Task brief – Word for word, restate the line containing "Casale panoramico con" and all the lines that come after it in the entries below. Include nothing from before it.
[Supplied material — start]
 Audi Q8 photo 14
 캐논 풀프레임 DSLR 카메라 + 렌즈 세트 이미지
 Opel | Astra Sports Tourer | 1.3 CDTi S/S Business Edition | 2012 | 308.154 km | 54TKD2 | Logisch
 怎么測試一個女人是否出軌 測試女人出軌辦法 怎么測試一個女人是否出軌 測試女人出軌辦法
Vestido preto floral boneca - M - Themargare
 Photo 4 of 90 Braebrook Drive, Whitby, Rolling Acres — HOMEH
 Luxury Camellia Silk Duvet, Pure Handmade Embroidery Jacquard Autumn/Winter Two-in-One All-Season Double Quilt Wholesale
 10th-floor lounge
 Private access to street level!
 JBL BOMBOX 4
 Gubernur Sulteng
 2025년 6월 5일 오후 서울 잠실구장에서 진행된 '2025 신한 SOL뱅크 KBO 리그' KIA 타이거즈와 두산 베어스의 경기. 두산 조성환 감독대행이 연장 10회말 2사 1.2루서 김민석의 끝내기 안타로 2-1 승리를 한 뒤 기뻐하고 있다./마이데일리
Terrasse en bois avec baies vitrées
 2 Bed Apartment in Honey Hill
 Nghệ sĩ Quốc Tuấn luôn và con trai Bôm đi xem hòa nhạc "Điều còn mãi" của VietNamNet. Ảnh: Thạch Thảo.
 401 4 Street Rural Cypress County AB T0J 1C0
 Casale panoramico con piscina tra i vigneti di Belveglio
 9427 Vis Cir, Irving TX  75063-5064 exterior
[Supplied material — finish]
Solution for this task –
 Casale panoramico con piscina tra i vigneti di Belveglio
 9427 Vis Cir, Irving TX  75063-5064 exterior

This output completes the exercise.